[Saved data entries]

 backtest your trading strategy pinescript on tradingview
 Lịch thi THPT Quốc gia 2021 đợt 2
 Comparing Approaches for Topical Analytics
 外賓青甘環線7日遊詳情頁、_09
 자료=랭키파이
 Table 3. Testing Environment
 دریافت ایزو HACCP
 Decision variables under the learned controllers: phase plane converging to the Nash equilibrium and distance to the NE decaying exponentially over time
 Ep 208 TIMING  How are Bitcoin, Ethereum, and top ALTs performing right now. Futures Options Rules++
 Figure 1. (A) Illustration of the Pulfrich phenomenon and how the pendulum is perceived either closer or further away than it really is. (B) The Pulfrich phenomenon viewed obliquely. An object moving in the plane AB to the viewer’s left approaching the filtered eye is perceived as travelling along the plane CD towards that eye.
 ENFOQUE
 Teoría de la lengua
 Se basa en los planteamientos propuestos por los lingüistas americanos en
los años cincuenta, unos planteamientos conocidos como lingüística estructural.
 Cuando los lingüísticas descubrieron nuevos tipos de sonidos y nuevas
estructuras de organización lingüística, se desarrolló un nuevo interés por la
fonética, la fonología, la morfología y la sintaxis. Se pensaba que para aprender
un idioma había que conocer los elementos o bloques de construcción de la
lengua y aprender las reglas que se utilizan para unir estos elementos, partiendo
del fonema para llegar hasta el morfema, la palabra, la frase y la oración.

_TASK DETAILS_
Copy exactly the line that contains "Figure 1. (A)" and every line after it through the end of the entries, with nothing added.

_OUTPUT FOR THIS TASK_
 Figure 1. (A) Illustration of the Pulfrich phenomenon and how the pendulum is perceived either closer or further away than it really is. (B) The Pulfrich phenomenon viewed obliquely. An object moving in the plane AB to the viewer’s left approaching the filtered eye is perceived as travelling along the plane CD towards that eye.
 ENFOQUE
 Teoría de la lengua
 Se basa en los planteamientos propuestos por los lingüistas americanos en
los años cincuenta, unos planteamientos conocidos como lingüística estructural.
 Cuando los lingüísticas descubrieron nuevos tipos de sonidos y nuevas
estructuras de organización lingüística, se desarrolló un nuevo interés por la
fonética, la fonología, la morfología y la sintaxis. Se pensaba que para aprender
un idioma había que conocer los elementos o bloques de construcción de la
lengua y aprender las reglas que se utilizan para unir estos elementos, partiendo
del fonema para llegar hasta el morfema, la palabra, la frase y la oración.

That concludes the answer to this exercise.